August 10, 2005

Project Audi B6 A4: Suspension / Handling
Text & Photos by Steve Sherwood

What is it about Audi's stock North American suspension offering (both non-sport and sport versions) that drives enthusiasts crazy? Undoubtedly it has to be the pliant nature of the ride which is based, in large part, on the notion that North Americans want to be cushioned as they mindlessly cruise the local interstate highway.

This suspension issue is certainly not unique to Audi - many manufacturers dial in different settings on this side of the pond - but it is nevertheless an ongoing issue for performance-minded Audi owners. Granted we have no pristine Autobahn or Autostrada where a stiffer suspension would be more than welcome, but that doesn't mean that the suspensions that are offered are acceptable to perfect.

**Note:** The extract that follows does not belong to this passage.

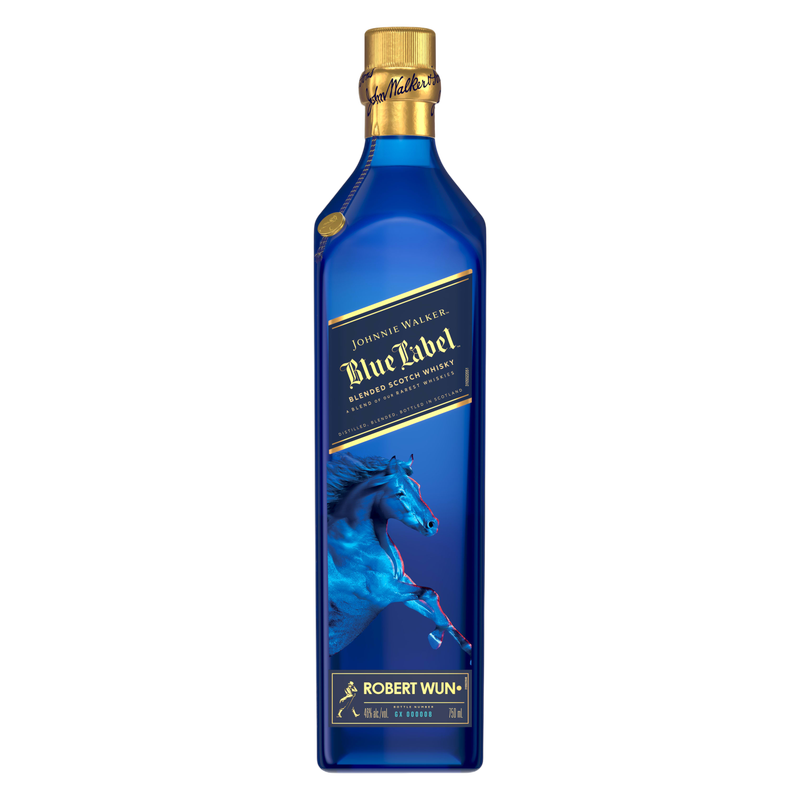 Johnnie Walker Blue Lunar New Year Horse 750ml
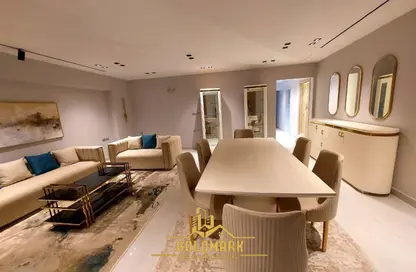 Apartment - 3 Bedrooms - 3 Bathrooms for rent in Mountain View iCity - 5th Settlement Compounds - The 5th Settlement - New Cairo City - Cairo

Audi's stock suspension will err on the side of understeer when pushed hard. This is probably a good thing from a safety perspective since it reduces the risk of putting the car into a 360-degree spin. Our goal with this project series, though, is to create a car with more neutral handing or even a slight oversteer tendency. Oversteer, of course, describes a situation where the rear end of the car is looser than the front end so that (in the hands of a capable driver) the car is allowed to rotate or turn better while cornering on a track or autocross course.

To be fair to Audi, we know based on extensive discussions with their executives that suspension design and engineering an area in which considerable time and energy is devoted. In a memorable conversation with a Board Member a couple years back we were candidly informed that building "a very firm, race-ready suspension is easy actually quite easy." What Audi sees as an enormous challenge and therefore takes a great deal of pride in developing is, in the words of this same individual, "a suspension that retains supple ride characteristics while concurrently taking on an advanced level of high performance proficiency."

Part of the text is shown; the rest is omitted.